When I die, my expectation will hold.


“Before Abraham…I Am”

I was set up from everlasting, from the beginning, or ever the earth was. – Proverbs 8:23

Before we leave Proverbs chapter 8, I want us to notice one of the most glorious truths displayed in all of Scripture: the eternality of Jesus Christ.

Notice in verses 22-31 that at least six different times Wisdom is mentioned as having been with God from before the foundation of the earth. Carefully read through these verses in Proverbs while you consider the following:

  • In John 1:1-2 Jesus is called the Word of God who was with God and was God.
  • In John 8:58 Jesus said, “Before Abraham was, I am.”
  • In John 17:24 we read where Jesus was praying to the Father and said: “My glory, which thou hast given me: for thou lovedst me before the foundation of the world.”
  • Speaking of the coming Messiah, Isaiah 9:6 calls Him “the Everlasting.”
  • Micah 5:2, also speaking of the coming Messiah, said: “His goings forth have been from old, from everlasting.”
  • In Hebrews 13:8 we read that Jesus Christ is “the same yesterday, and today, and forever.”
  • In Revelation 1:11 Jesus says of Himself, “I am the Alpha and the Omega, the first and the last…”
  • And if it was ever a question that Jesus claimed to be God, when you compare John 8:58 and Revelation 1:11 to Isaiah 48:12, then there should be no doubt: “I am he; I am the first, I also am the last.”

Make no mistake, the parallels are too similar to deny…Jesus, the Power and Wisdom of God (1 Corinthians 1:24), is being prophetically referenced here in this chapter.
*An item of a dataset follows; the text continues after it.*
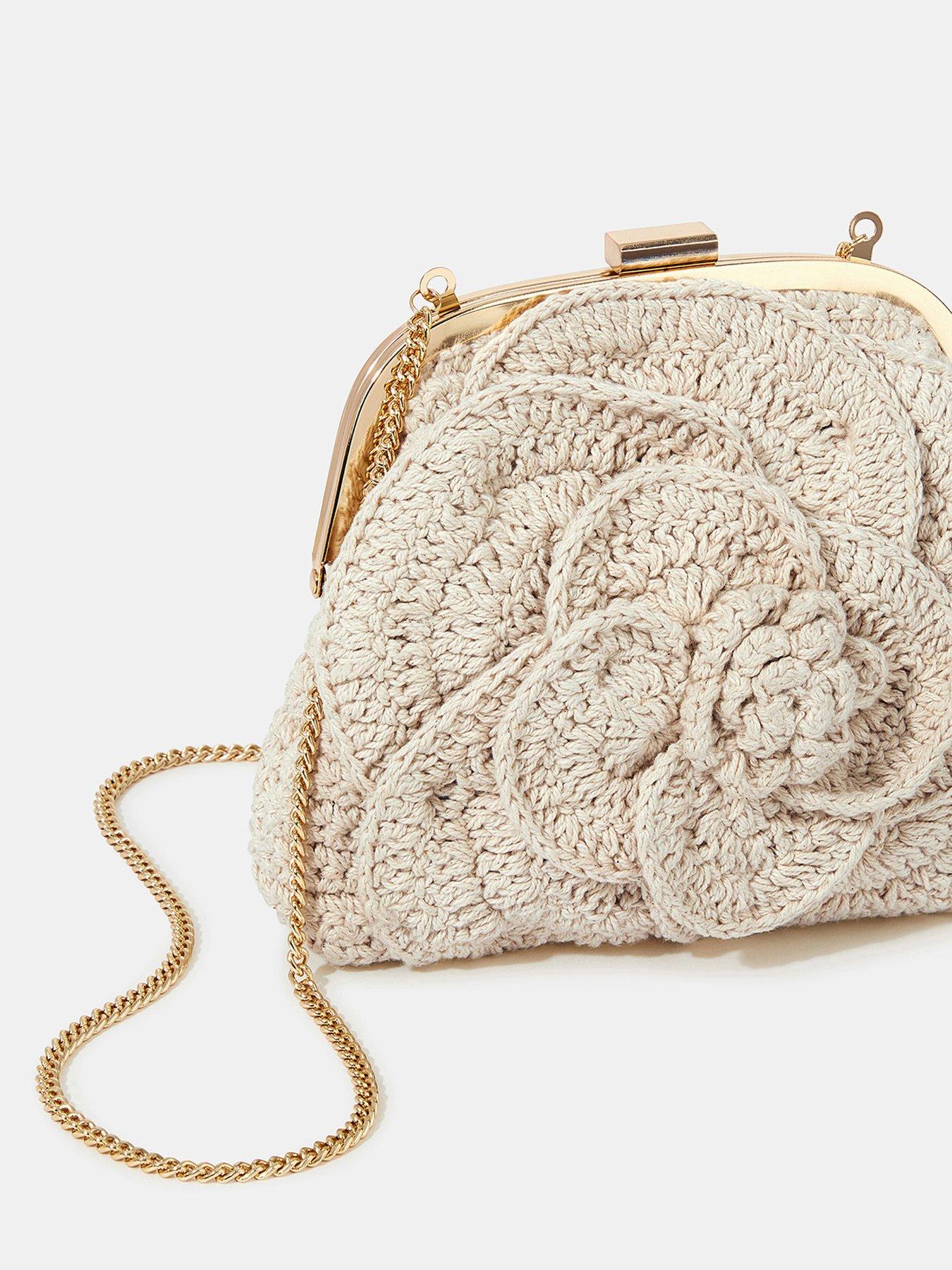 accessorize-corsage-macrame-clip-frame-creamoutfit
As the Holy Spirit moved through the prophet David, Solomon’s father, to write Psalm 22 in anticipation of the crucifixion, so does He move through Solomon to describe the glorious, eternal nature of the Messiah, Jesus.
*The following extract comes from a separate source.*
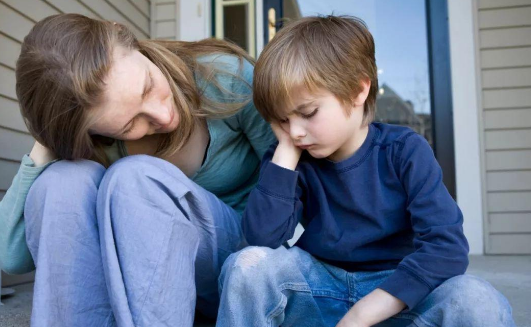 拨霸|当孩子闹情绪的时候,这样做能让孩子更快成长!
But there’s one more thing I want you to see… His delights are with the sons of men (Proverbs 8:31).

The Word of God made flesh…the Wisdom of God who was there before the foundation of the world…the Savior who came and dwelt among us (Emmanuel – see Isaiah 7:14 and Matthew 1:23)…
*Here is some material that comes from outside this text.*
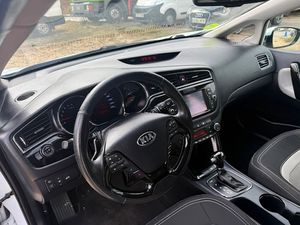 Kia Ceed cee'd SW 1.6 CRDi VGT Drive 100 kW - Foto 40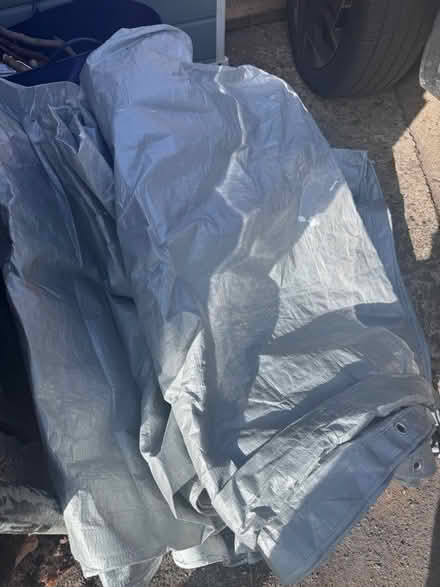 Photo of free Heavy duty tarpaulin 4mx6mx (Weybridge) #1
He delights to be with you and me! He literally wants to spend time with us because he loves and cares for us.

Therefore, considering what we’ve read, we should all the more take seriously the closing verse in this chapter.

But he that sinneth against me wrongeth his own soul: all they that hate me love death. – Proverbs 8:36

To seek Wisdom is a choice, but failing to do so can have eternal ramifications.